If you’re a first time home buyer, there are probably a lot of questions on your mind. After all, there’s a lot to think about in regards to buying a home, whether it’s your first time, your seventh time, or your hundredth time! As a first time home buyer, though, you have a few extra resources to help you along the way.
Since it’s your first time buying a home, you should definitely take the time to research the available buyer loans and programs. Once you buy your first home, you’ll no longer be able to take advantage of them so it’s important that you do so while you can. If you do, you may just find yourself saving money!
For first time home buyers that are interested in learning about the unique loans and programs available just for you, read below!
Available First-Time Home Buyer Loans and Programs
#1. FHA Loans
FHA loans are backed by the Federal Housing Administration and are available to first time home buyers with low credit scores. Even those with no credit history can be approved, making fha loan a great option for first time buyers!
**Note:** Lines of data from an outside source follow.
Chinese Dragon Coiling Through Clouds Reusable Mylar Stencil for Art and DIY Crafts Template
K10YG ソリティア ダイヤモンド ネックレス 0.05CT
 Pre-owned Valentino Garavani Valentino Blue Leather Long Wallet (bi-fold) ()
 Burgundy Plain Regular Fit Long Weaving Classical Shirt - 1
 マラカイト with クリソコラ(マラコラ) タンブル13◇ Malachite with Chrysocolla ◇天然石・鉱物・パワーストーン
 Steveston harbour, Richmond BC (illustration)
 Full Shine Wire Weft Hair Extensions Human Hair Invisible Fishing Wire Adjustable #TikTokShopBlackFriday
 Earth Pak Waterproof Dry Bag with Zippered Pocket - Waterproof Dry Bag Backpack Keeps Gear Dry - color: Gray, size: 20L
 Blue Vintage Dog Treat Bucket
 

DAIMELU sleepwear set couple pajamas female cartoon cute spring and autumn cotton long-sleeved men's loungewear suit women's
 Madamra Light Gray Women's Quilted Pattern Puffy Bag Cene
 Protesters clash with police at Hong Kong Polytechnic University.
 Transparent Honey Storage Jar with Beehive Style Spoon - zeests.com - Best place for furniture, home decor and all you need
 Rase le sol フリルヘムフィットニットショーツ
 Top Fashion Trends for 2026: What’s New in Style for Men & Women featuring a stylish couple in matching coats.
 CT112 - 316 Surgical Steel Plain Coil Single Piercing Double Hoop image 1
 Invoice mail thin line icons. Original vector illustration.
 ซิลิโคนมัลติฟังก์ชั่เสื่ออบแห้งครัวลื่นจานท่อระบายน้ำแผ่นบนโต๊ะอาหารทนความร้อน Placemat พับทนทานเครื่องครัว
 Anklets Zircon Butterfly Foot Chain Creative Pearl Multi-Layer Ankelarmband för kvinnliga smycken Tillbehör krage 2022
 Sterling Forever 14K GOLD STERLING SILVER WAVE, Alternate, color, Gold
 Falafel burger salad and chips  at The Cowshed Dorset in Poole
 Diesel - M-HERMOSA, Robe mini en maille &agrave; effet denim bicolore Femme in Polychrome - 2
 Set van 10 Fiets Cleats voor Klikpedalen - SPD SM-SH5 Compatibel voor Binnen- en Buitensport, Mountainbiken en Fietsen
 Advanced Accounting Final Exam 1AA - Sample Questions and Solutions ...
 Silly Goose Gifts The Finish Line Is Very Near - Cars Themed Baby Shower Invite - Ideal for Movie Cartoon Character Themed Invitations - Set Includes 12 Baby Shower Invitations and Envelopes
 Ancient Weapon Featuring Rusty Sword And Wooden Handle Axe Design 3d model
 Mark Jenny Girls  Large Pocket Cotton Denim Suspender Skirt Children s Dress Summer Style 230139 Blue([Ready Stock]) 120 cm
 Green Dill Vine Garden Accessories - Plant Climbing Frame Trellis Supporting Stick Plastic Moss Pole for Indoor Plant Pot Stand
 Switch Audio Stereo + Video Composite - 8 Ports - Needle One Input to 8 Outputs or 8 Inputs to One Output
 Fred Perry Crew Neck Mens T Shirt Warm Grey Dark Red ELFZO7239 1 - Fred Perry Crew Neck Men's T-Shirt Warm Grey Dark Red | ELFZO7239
As FHA loans have a down payment requirement of only 3.5%, they are a more affordable option for first time buyers. You won’t have to worry about saving up for a 20% down payment. This, of course, will depend on your credit score, but FHA loans typically have lower down payment requirements than conventional loans.
This being said, you will have to pay mortgage insurance premiums for a certain amount of time which can increase the cost of the loan, but the additional cost is always disclosed upfront so you aren’t caught off guard.
Qualifying for loans is a common obstacle many home buyers face, so looking ahead at how to qualify for FHA loans if you’re interested in this type of loan.
#2. Low Down Payment Conventional Loans
Buying a house with a low down payment is possible even with conventional loans. The low down payment Conventional 97 program is available to first time buyers and has a 3% minimum down payment requirement.
The qualification requirements are a bit more than an FHA loan, but if you have a credit score of at least 620, you’ll likely be approved. If your credit score is higher or you have time to improve your credit score before applying for the loan, then your chances of being approved for a lower down payment rate and loan are higher.
With a Conventional 97 loan, you will have to pay private mortgage insurance which increases the monthly cost of your loan. If you’re able to pay off your loan quickly or reach the 20% equity threshold set by most lenders, though, you may request to end your PMI.
#3. VA Loans
If you aren’t in a rush to be approved for a loan and you or your partner are a veteran or military member, you can apply for a VA loan.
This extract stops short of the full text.